The researchers are unclear for now just how cost-efficient plants can prove to be as sources of electricity, or how much can be obtained from a single plant. But they hope to demonstrate that a single leaf can be used as a power supply throughout its lifetime.

According to Magdalena Górecka, D.Sc., from the Warsaw University of Life Sciences, although plants cannot be transformed into huge power plants overnight, the energy obtained from them can be used, for instance, to generate power for smoke detectors in forests. Górecka is financing her research from funds obtained from the Foundation for Polish Science. The young researcher has placed second in the foundation’s Inter competition and won zl.100,000 in prize money.

In recent years, plants have been attracting much attention as potential sources of energy. Previously researchers were mainly interested in making biofuel from them. However, biofuel production involves toxic emissions resulting from the combustion of aromatic hydrocarbons or other substances, according to Górecka. That is why, she says, in her research she is seeking to produce clean, fully environmentally-friendly green energy.

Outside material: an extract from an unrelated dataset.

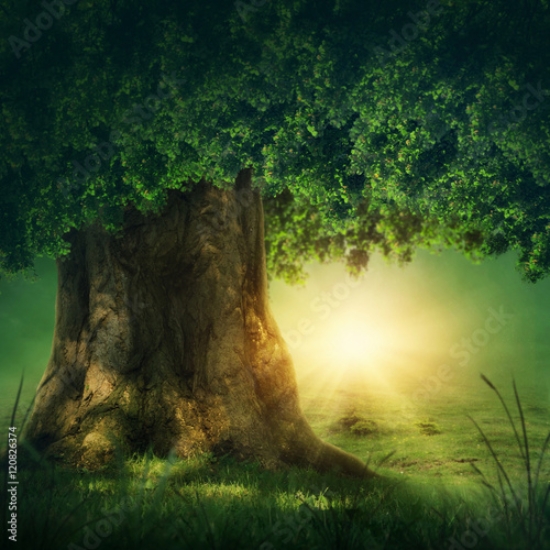 Picture of 120826374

The occurrence of electric current in a plant results from the plant’s exposure to the sun and the photosynthesis process. First, sunlight falls on the leaf and reaches the chloroplasts in its cells. Chloroplasts are specialized subunits in plant cells whose main role is to conduct photosynthesis. Photosynthesis is the process by which the sunlight gets converted into energy.

The electric current inside the plant can be controlled by adjusting the intensity of light. Energy production can also be boosted by increasing the amount of electrons released as well as the speed at which they are transferred within the chloroplast.

In order to obtain electricity from a plant in a safe manner it is necessary to use a device that will conduct it. However, simply sticking a wire into a plant is out of the question because this would damage the plant’s cells and the chloroplasts. Only a healthy chloroplast can ensure a proper flow of electrons.

In order to generate electricity from plants, the researchers plan to employ nanoparticles. These will intercept the electric charge from the chloroplast chain. Electricity generated in this way will be picked up by a specially designed electrode.

“Once we determine what kind of nanoparticles are able to do that, we will be halfway there,” says Górecka. “At the moment, we are testing various nanoparticles. We know already that nanoparticles of silver won’t do the trick because they are highly toxic and cause a lot of harm to the plants.”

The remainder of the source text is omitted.